▶ [TRY IT]
Look below for the line holding "Klassisches Unisex T-Shirt" and the line holding "HP Cartuccia Toner ciano Tri-Pack 312A". Transcribe exactly those lines and all lines between them, nothing more.

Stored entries
=== Section Start ===

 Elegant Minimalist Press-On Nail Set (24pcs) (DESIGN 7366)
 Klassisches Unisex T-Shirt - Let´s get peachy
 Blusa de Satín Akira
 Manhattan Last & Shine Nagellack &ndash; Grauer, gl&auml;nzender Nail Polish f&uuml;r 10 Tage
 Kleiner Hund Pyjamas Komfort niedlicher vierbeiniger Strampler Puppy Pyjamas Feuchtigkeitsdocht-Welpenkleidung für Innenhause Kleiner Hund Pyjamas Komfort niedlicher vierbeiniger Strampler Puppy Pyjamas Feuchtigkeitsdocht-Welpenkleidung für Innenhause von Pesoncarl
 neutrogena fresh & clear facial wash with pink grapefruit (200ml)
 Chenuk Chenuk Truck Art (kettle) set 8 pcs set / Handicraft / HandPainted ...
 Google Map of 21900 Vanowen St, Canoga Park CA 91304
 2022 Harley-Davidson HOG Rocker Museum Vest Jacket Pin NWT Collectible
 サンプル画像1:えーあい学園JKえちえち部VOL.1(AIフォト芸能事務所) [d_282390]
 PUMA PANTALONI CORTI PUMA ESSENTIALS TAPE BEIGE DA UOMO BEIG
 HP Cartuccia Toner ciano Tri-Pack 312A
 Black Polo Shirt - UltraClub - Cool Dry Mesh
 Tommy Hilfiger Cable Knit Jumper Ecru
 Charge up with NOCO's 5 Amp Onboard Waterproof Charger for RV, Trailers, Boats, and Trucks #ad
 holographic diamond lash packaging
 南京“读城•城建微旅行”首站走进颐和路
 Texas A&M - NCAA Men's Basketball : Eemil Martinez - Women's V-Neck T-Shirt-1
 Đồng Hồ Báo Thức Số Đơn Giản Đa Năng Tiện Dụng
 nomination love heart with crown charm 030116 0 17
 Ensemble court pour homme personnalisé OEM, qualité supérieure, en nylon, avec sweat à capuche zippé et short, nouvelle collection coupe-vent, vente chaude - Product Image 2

=== Section End ===

▶ [ANSWER SPACE]
 Klassisches Unisex T-Shirt - Let´s get peachy
 Blusa de Satín Akira
 Manhattan Last & Shine Nagellack &ndash; Grauer, gl&auml;nzender Nail Polish f&uuml;r 10 Tage
 Kleiner Hund Pyjamas Komfort niedlicher vierbeiniger Strampler Puppy Pyjamas Feuchtigkeitsdocht-Welpenkleidung für Innenhause Kleiner Hund Pyjamas Komfort niedlicher vierbeiniger Strampler Puppy Pyjamas Feuchtigkeitsdocht-Welpenkleidung für Innenhause von Pesoncarl
 neutrogena fresh & clear facial wash with pink grapefruit (200ml)
 Chenuk Chenuk Truck Art (kettle) set 8 pcs set / Handicraft / HandPainted ...
 Google Map of 21900 Vanowen St, Canoga Park CA 91304
 2022 Harley-Davidson HOG Rocker Museum Vest Jacket Pin NWT Collectible
 サンプル画像1:えーあい学園JKえちえち部VOL.1(AIフォト芸能事務所) [d_282390]
 PUMA PANTALONI CORTI PUMA ESSENTIALS TAPE BEIGE DA UOMO BEIG
 HP Cartuccia Toner ciano Tri-Pack 312A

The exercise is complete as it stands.